Когда же все попрятались от ветра,
Я золотом матросов подкупил
И незамеченным спустился с ними в шлюпке.
Едва успели мы до берега добраться,
Как разразилась буря. Оглянувшись,
Успел увидеть я, как наши корабли
В кипении бурлящих волн 
Взлетают с лёгкостью на их крутые гребни
И падают, стремительно кружась,
В глубокую пучину моря. И ветер их несёт,
Словно скорлупки грецкого ореха,
И беспощадно в щепки разбивает,
Их направляя прямиком на скалы.
Не знаю я, что стало с Бекингемом,
Но полагаю, что он  кончил плохо,
Как и заслуживал по глупости своей
И трусости безмерной и порочной,
Что сделала предателем его
И отвратила от него друзей.
Мне удалось его покинуть незаметно,
И больше он обузой мне не будет.
А то он начал мне надоедать
Своими выходками, глупыми речами,
Которые произносил повсюду,
И с каждым разом приукрашивал всё  больше,
Присочиняя сказку про убийство принцев.
И всё  рискованней для наших бренных  жизней
К восстанию народ он подстрекал.
По счастью, мы  расстались  с Бекингемом, 
И я смогу свой скромный труд закончить, 
В котором  в самых чёрных красках
Я описал деяния нынешнего короля,
Ричарда Третьего, его представив извергом 
И душегубом, каких ещё не видел род людской.

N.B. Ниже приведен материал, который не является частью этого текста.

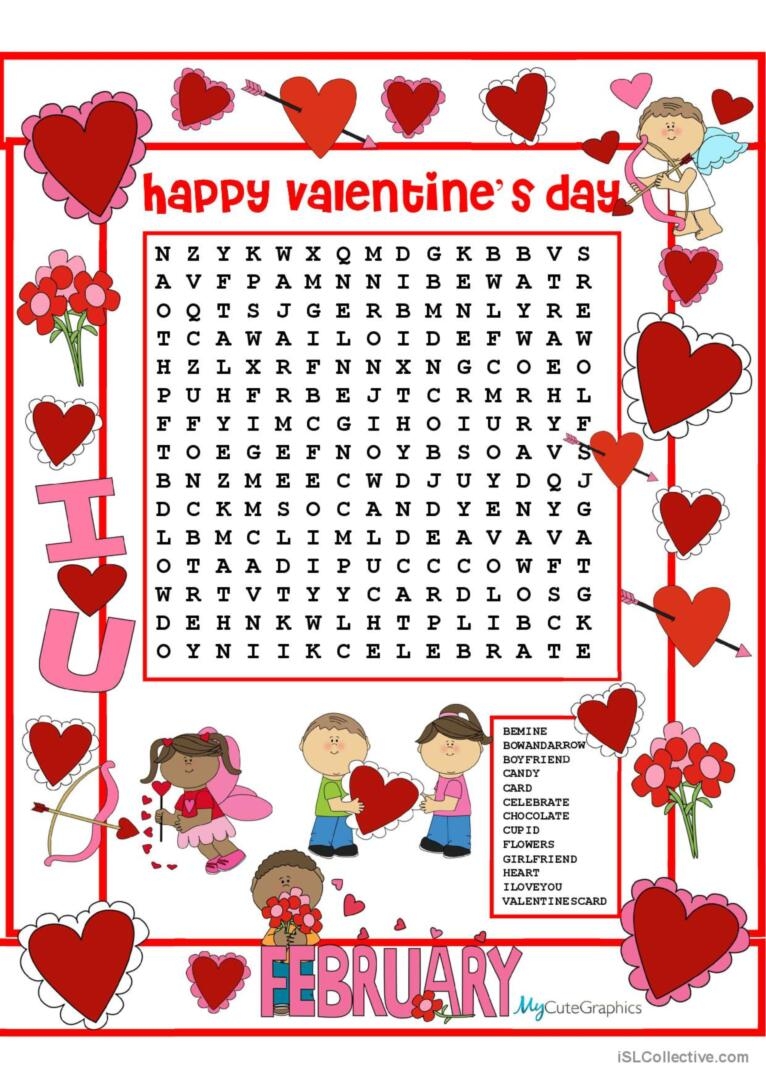 Valentine Word Search Answers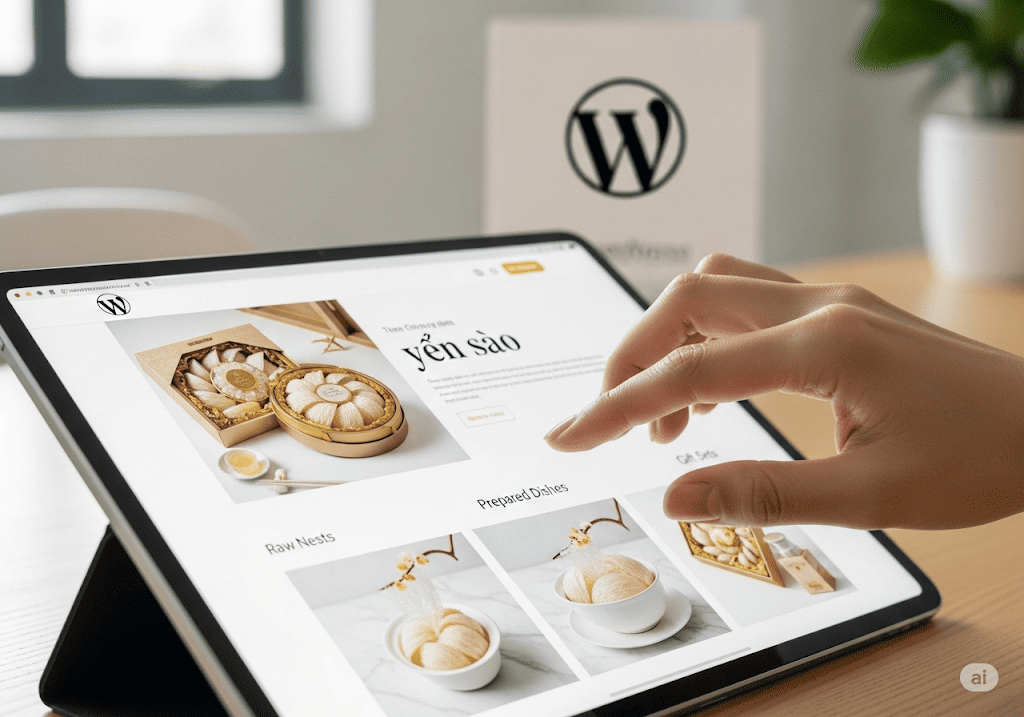 Giao diện website yến sào chuyên biệt trên nền tảng WordPress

Что перед ним Калигула, Нерон, Тиберий
Или ещё какой тиран  античный, 
Что, как кровавый и безжалостный мясник,
Терзал и подданных своих, и их рабов несчастных?

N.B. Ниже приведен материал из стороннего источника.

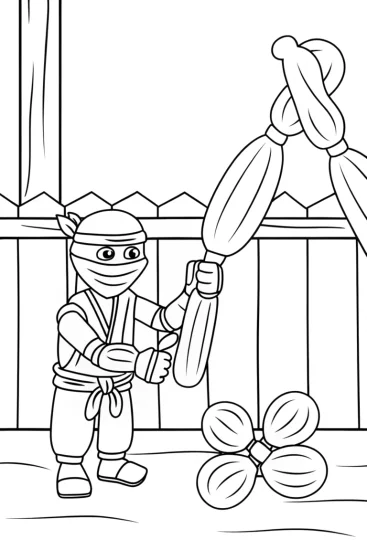 A coloring page of Ninja creating balloon animals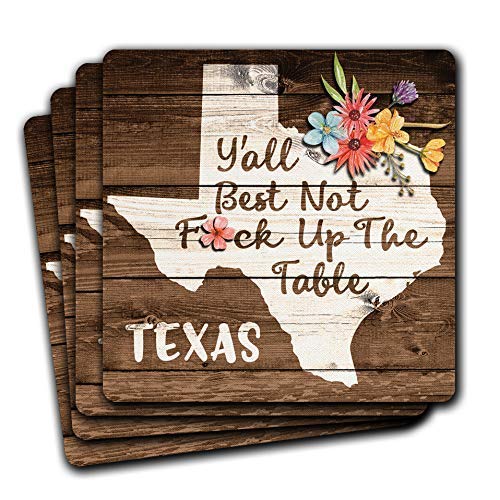 Texas State Gift Souvenir 4pc Coaster Set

И что в сравнении с ним жестокий Ирод,
Бесчеловечно истребляющий младенцев?
Что перед ним Батый иль Тамерлан,
Иль Аттила? Или иной тиран свирепый,
Когда по описанию моему и по моим сравнениям
Субъективным все, пролитые ими реки крови,
Не стоят трепетной слезы двух юных принцев,
Задушенных безжалостным убийцей,
Что подчинился воле короля?
И пусть всё это – вымысел безбожный,
И в описании нет ни слова правды, 
Путь к отступлению мне отрезан навсегда.
Ведь я в такой клубок интриг ввязался,
Что мне наградой будет либо плаха,
Либо высокий сан архиепископа,
Что получить смогу я только при Тюдоре
Ценой погибели своей души бессмертной,
Потерей совести моей и чести,
И отторжением от Англии земель Плантагенетов.
А, ну и чёрт с ней, с Англией, и всеми землями её!

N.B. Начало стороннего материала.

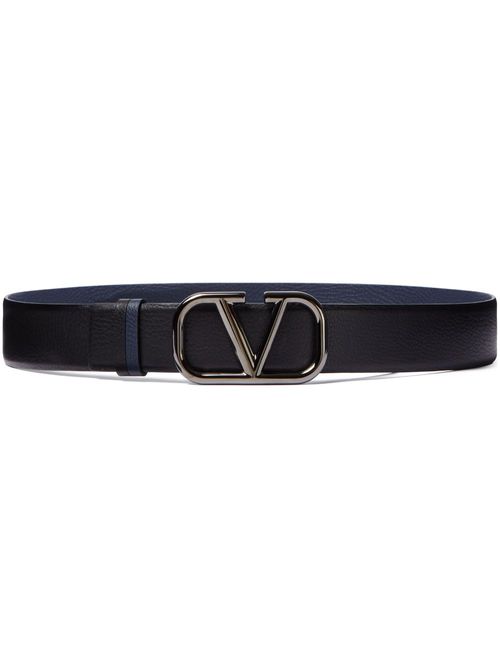 VLogo Signature reversible leather belt - Black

Гори они огнём, и здесь, и там, во Франции! (Крестится.)
О Господи, прости меня за ругань!
С Тюдором я сюда вернусь, как победитель.
И если я в его возможностях не ошибаюсь,
При нём в этой стране такой террор начнётся,
Что люди станут смирными, как овцы,
А овцы будущему государю
Станут дороже многих подданных его,
Которых будет стричь он, как овец.
Тогда и мне от милостей его
Перепадёт немало почестей и власти!
И о себе в правление Тюдора,
Оставлю я весьма заметный след.
Хоть вряд ли будут поминать меня
Добром на этом свете. Ну, а на том?
Кто может это знать?.. Ну, душу-то свою
Я от геенны огненной спасти всегда успею –
Епископы в аду ведь не горят!..
А как быть с совестью?.. А, пустяки! (Отмахивается.)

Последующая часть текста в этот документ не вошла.